**EXERCISE DETAILS:** Nothing but the records, transcribed exactly, should appear in the answer; leave the pictures out.

╭─ EXCERPTED RECORDS

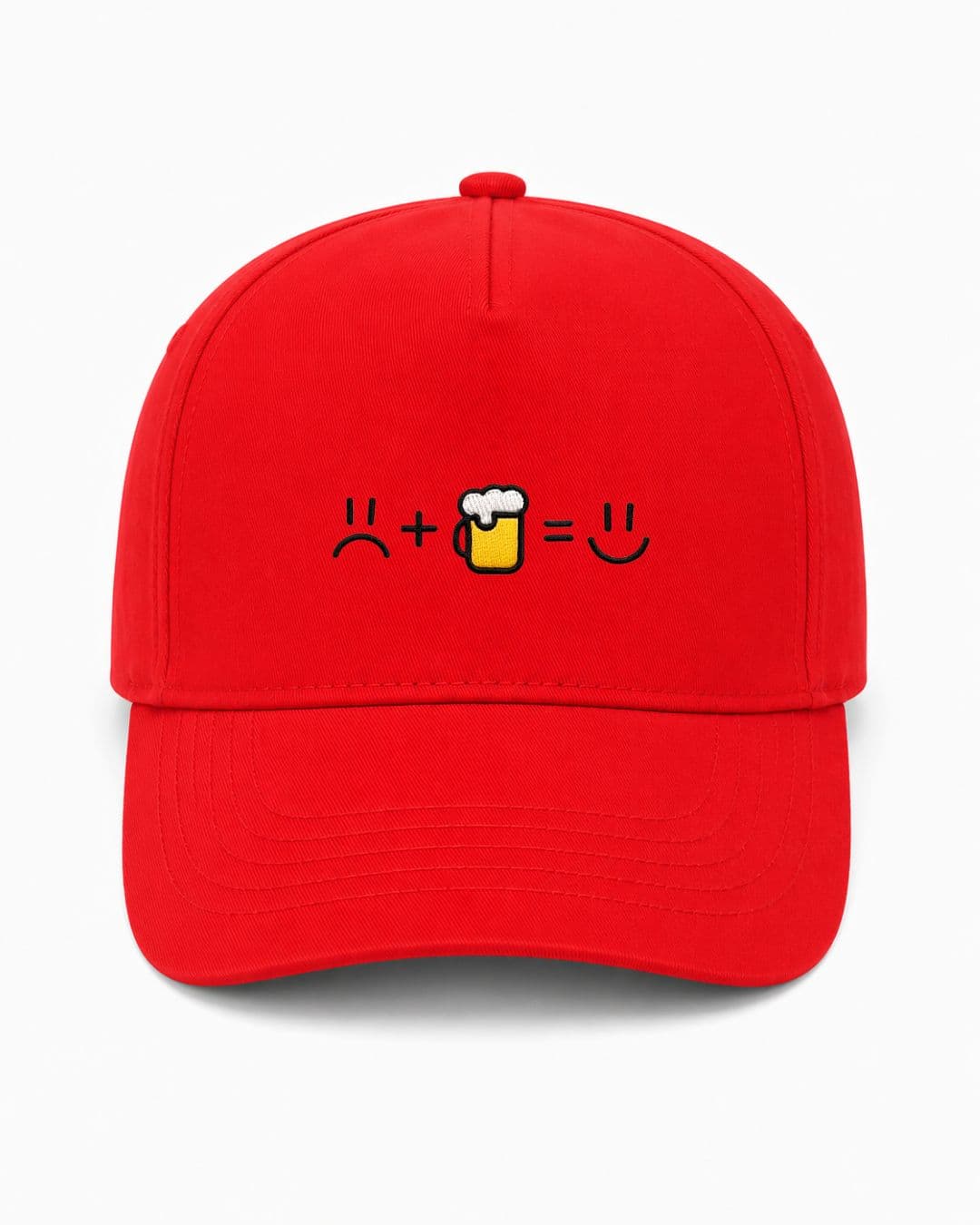 Ricamo Personalizzato - Cappellino Ricamato Unisex Da Baseball Regolabile – Design Faccia triste + Birra uguale faccia Felice-Biiply
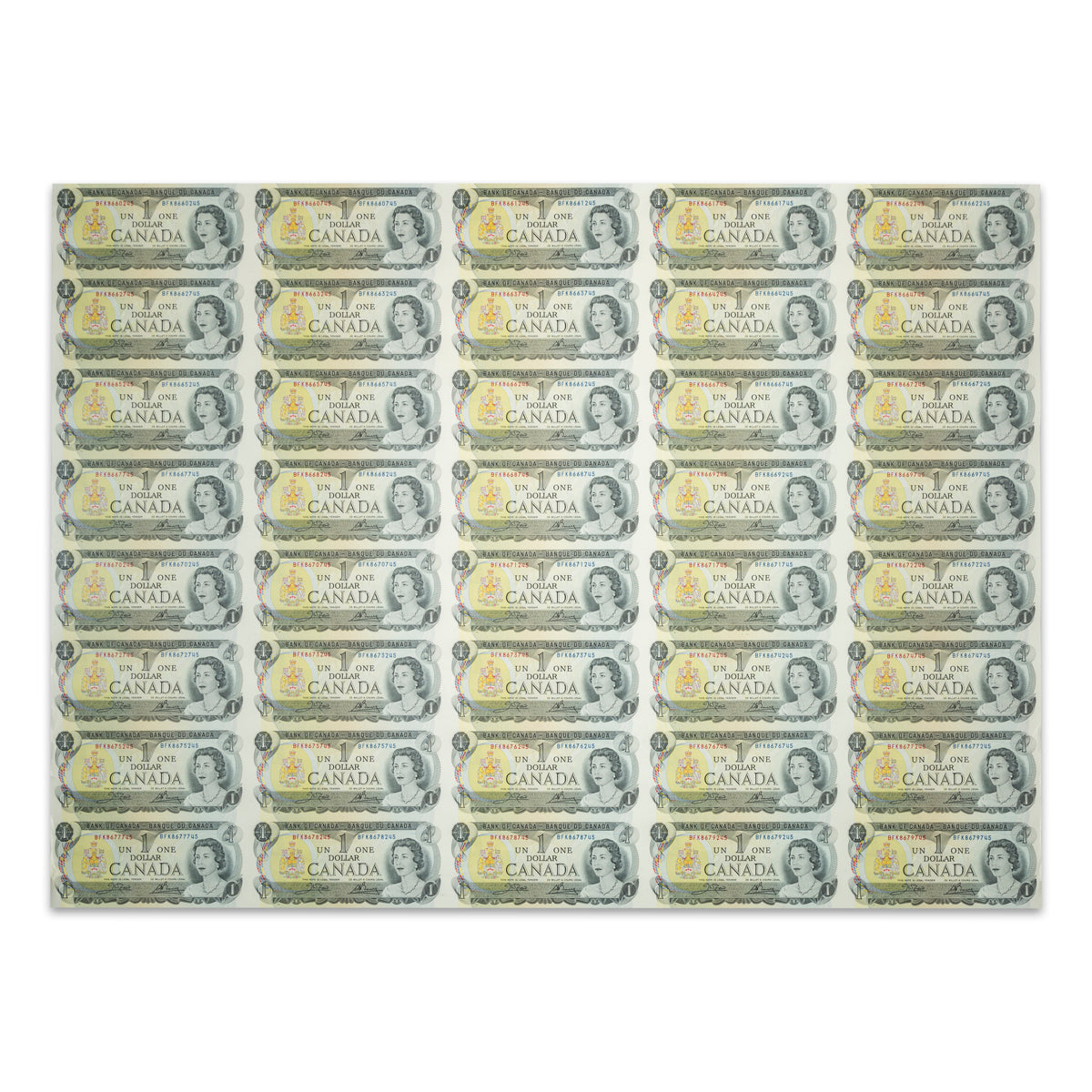 $1 1973 BC-46b Uncut Banknote Sheet Crow-Bouey Prefix BFK AU 5x8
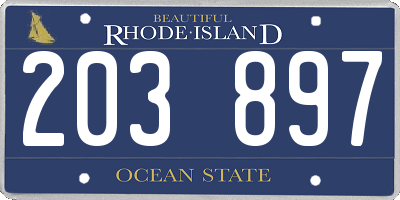 RI license plate 203897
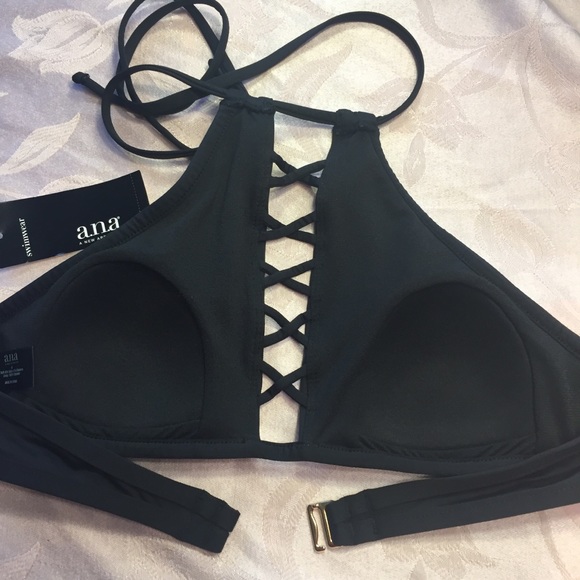 A.N.A. Black bikini top high-neck criss-cross 6 - Picture 3 of 6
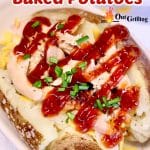 BBQ Chicken Baked Potatoes- text overlay.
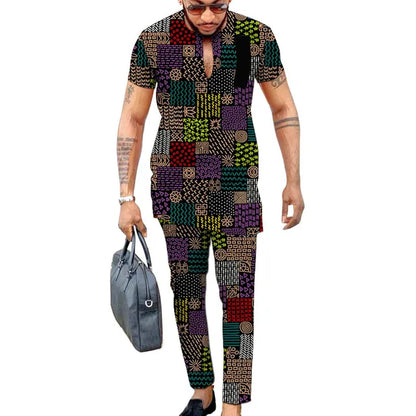 2 pcs Traditional African Dashiki Print Shirt and Pants for men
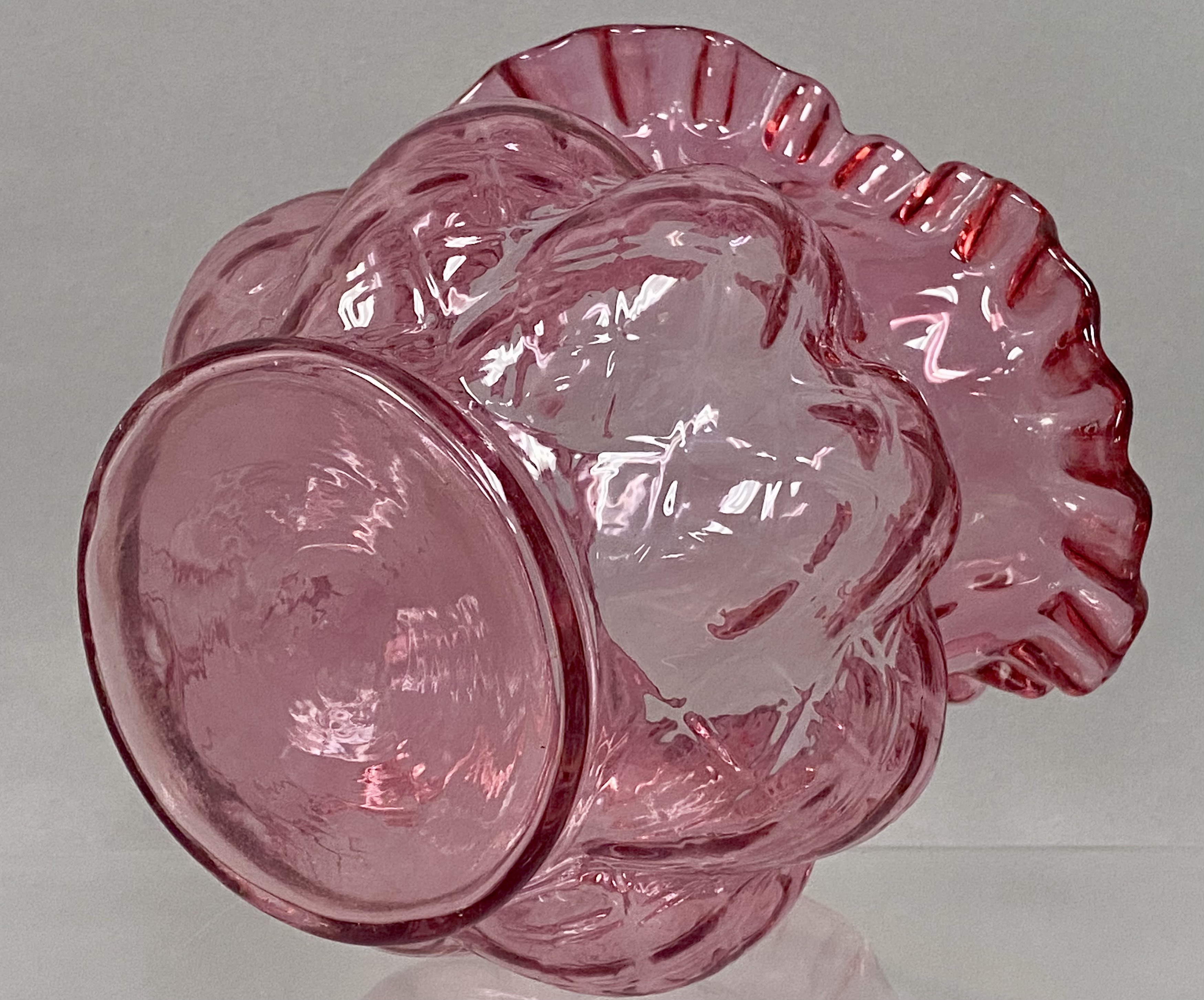 Fenton Cranberry Diamond Optic Vase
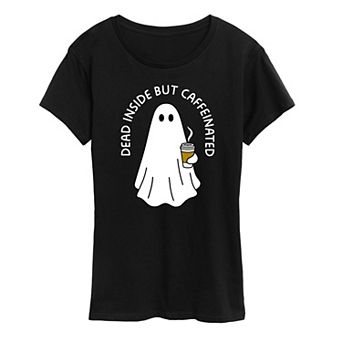 Women's Dead Inside Caffeinated Ghost Graphic Tee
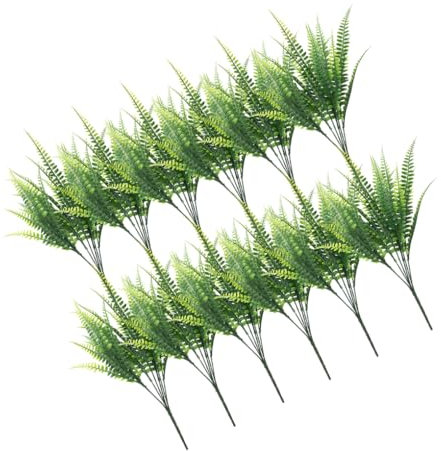 mophrati 12 Pezzi Pianta Artificiale Foglia Finta Resistente Ai Raggi UV 7 Rami Tavolo Di Felce Di Plastica Fioriera Appesa Disposizione Delle Foglie, 7 e 21 foglie/tappo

╰─

**TASK RESULT:**
 Ricamo Personalizzato - Cappellino Ricamato Unisex Da Baseball Regolabile – Design Faccia triste + Birra uguale faccia Felice-Biiply
 $1 1973 BC-46b Uncut Banknote Sheet Crow-Bouey Prefix BFK AU 5x8
 RI license plate 203897
 A.N.A. Black bikini top high-neck criss-cross 6 - Picture 3 of 6
 BBQ Chicken Baked Potatoes- text overlay.
 2 pcs Traditional African Dashiki Print Shirt and Pants for men
 Fenton Cranberry Diamond Optic Vase
 Women's Dead Inside Caffeinated Ghost Graphic Tee
 mophrati 12 Pezzi Pianta Artificiale Foglia Finta Resistente Ai Raggi UV 7 Rami Tavolo Di Felce Di Plastica Fioriera Appesa Disposizione Delle Foglie, 7 e 21 foglie/tappo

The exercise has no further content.